Set down again each entry exactly as it reads, pictures excluded.
RECORDS FOR THE EXERCISE section start
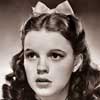 Judy Garland as Dorothy in the Wizard of Oz 1939 photo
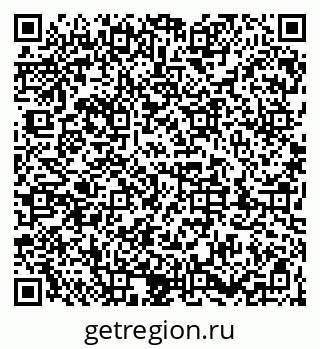 79043400933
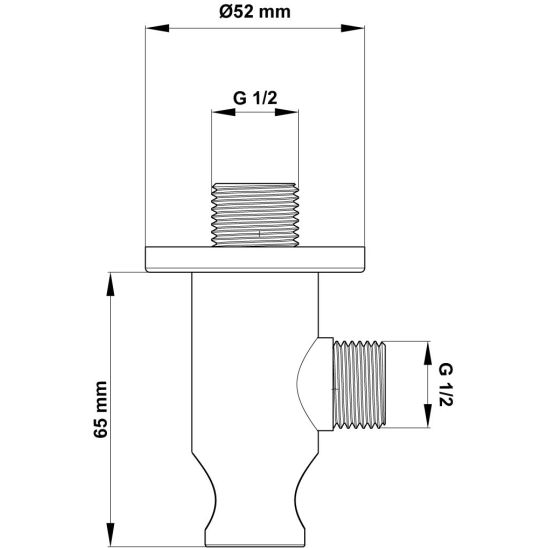 Set bad- en douchekraan Hagser Della HGR40000034, regendouche Hagser Mila HGR12000037, HGR14000037, HGR11000037, HGR70000037, HGR15000037
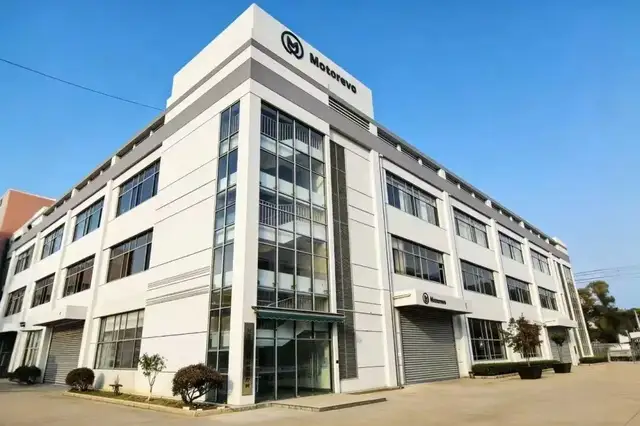 吉林大学教授,带出三家机器人公司 吉林大学教授,带出三家机器人公司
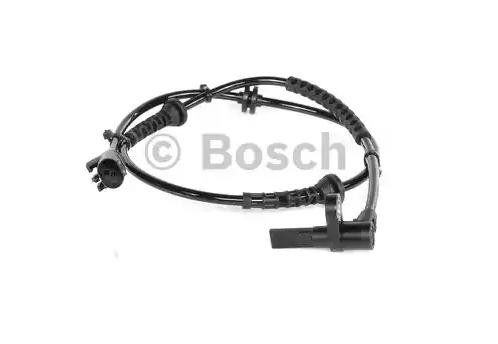 Датчик АБС передний 0265008089 Bosch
RECORDS FOR THE EXERCISE section end
• [WRITTEN RESPONSE]:
 Judy Garland as Dorothy in the Wizard of Oz 1939 photo
 79043400933
 Set bad- en douchekraan Hagser Della HGR40000034, regendouche Hagser Mila HGR12000037, HGR14000037, HGR11000037, HGR70000037, HGR15000037
 吉林大学教授,带出三家机器人公司 吉林大学教授,带出三家机器人公司
 Датчик АБС передний 0265008089 Bosch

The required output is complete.